## PROBLEM TO SOLVE
In the answer, transcribe exactly the lines from the beginning of the material through the line holding "SUN CUBE UPF50+", and skip every picture.
►
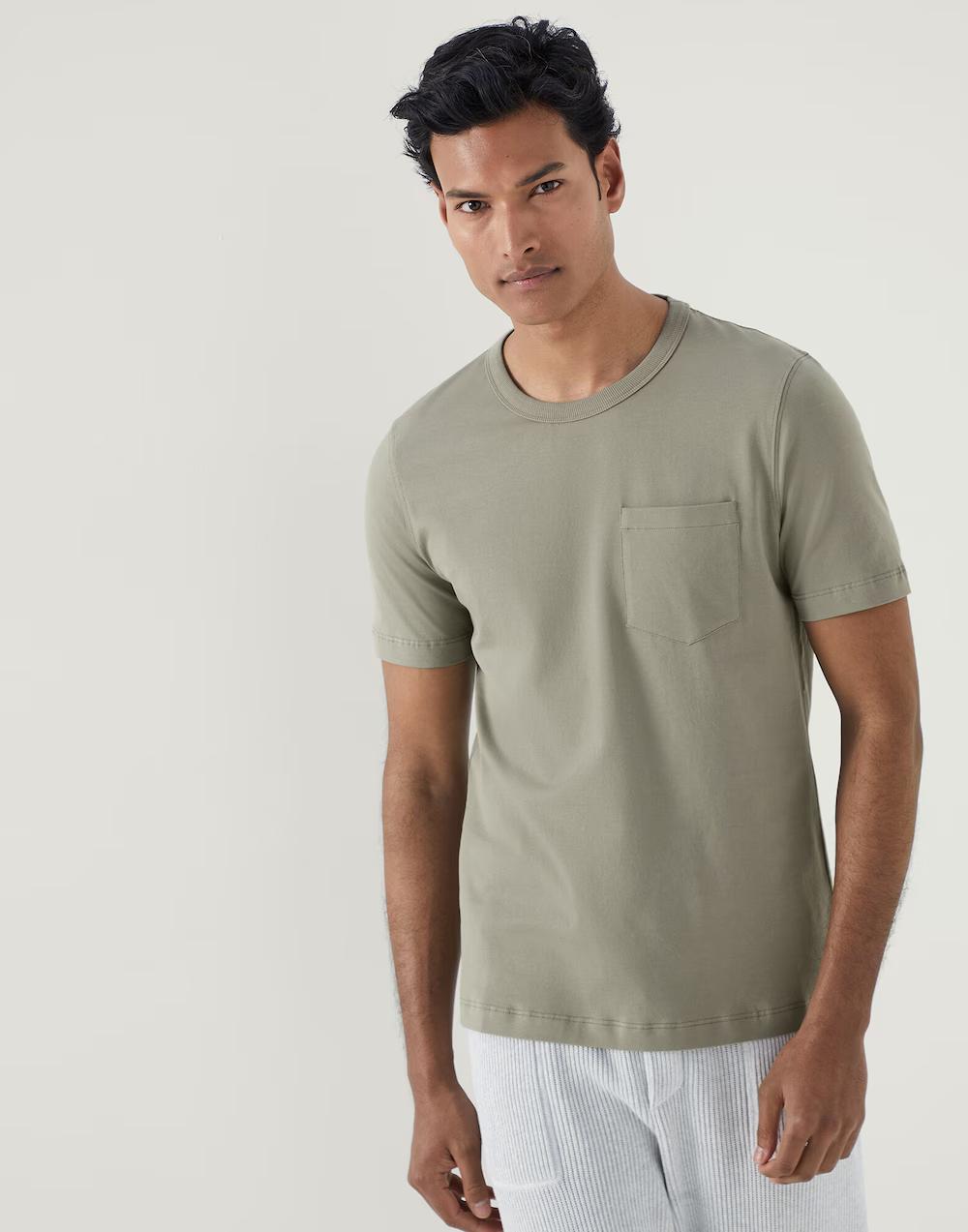 Brunello Cucinelli Green Cotton T-Shirt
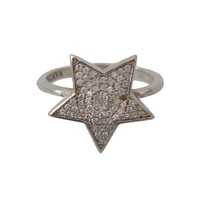 Gorgeous Authentic NIALAYA Sterling Silver Ring with Clear CZ Crystals Women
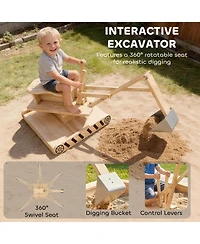 Glintex Wooden Sandbox with 360-Degree Digger and Liner, 72" x 35", Holds 440 lbs of Sand, Ages 3-6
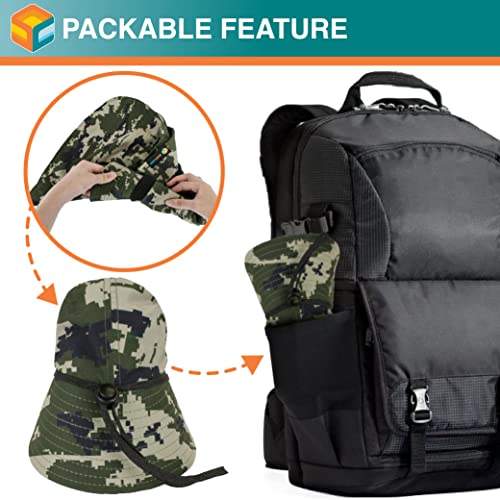 SUN CUBE UPF50+ Sun Hat for Men Women with Neck Flap, Wide Brim UV Protection Fishing Safari Hat for Hiking Beach Gardening - color: Green Camo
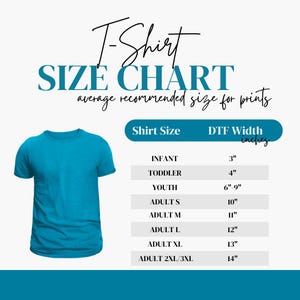 K&ouml;nnte beinhalten: Eine Tabelle, die die empfohlene DTF-Druckbreite f&uuml;r verschiedene T-Shirt-Gr&ouml;&szlig;en zeigt. Die Tabelle enth&auml;lt Gr&ouml;&szlig;en f&uuml;r Kleinkind, Kleinkind, Jugend, Erwachsene S, Erwachsene M, Erwachsene L, Erwachsene XL und Erwachsene 2XL/3XL. Die Druckbreiten werden in Zoll gemessen.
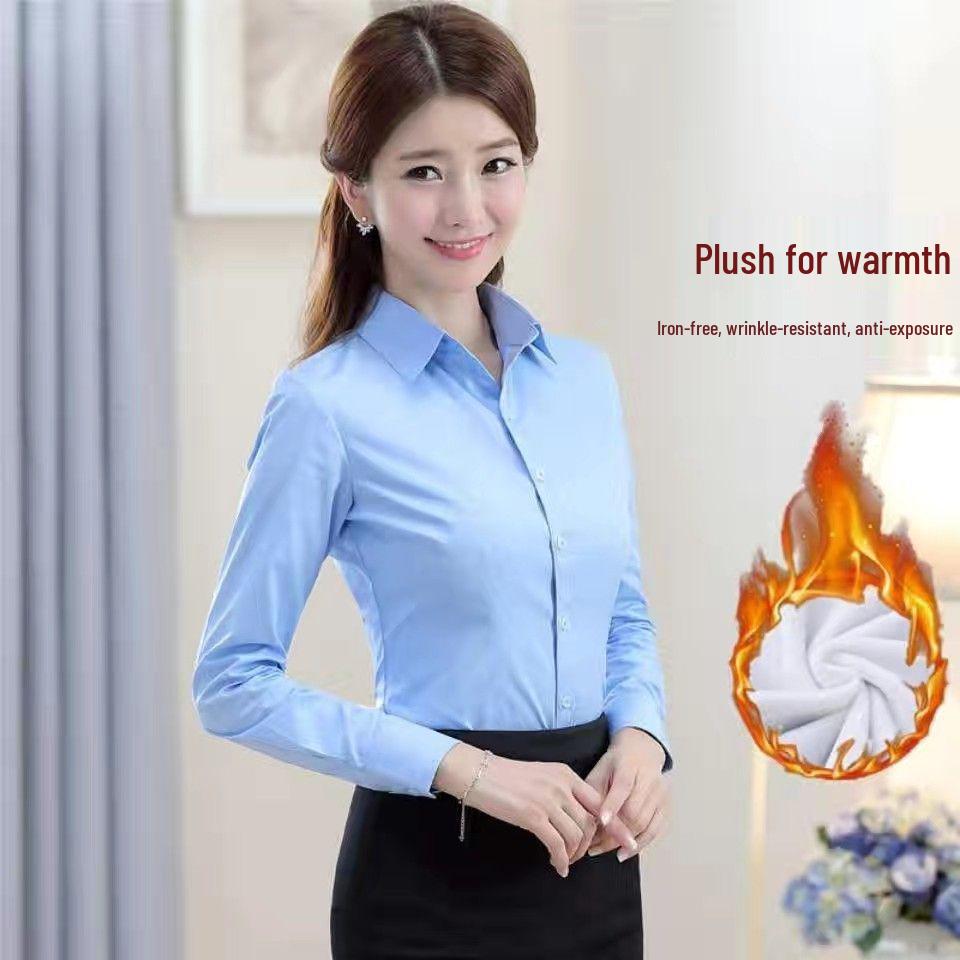 Women's Korean-Style Thickened Velvet Black and White Slimming Long-Sleeve Shirt - Professional Workwear Base Layer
◄
## WRITTEN ANSWER
 Brunello Cucinelli Green Cotton T-Shirt
 Gorgeous Authentic NIALAYA Sterling Silver Ring with Clear CZ Crystals Women
 Glintex Wooden Sandbox with 360-Degree Digger and Liner, 72" x 35", Holds 440 lbs of Sand, Ages 3-6
 SUN CUBE UPF50+ Sun Hat for Men Women with Neck Flap, Wide Brim UV Protection Fishing Safari Hat for Hiking Beach Gardening - color: Green Camo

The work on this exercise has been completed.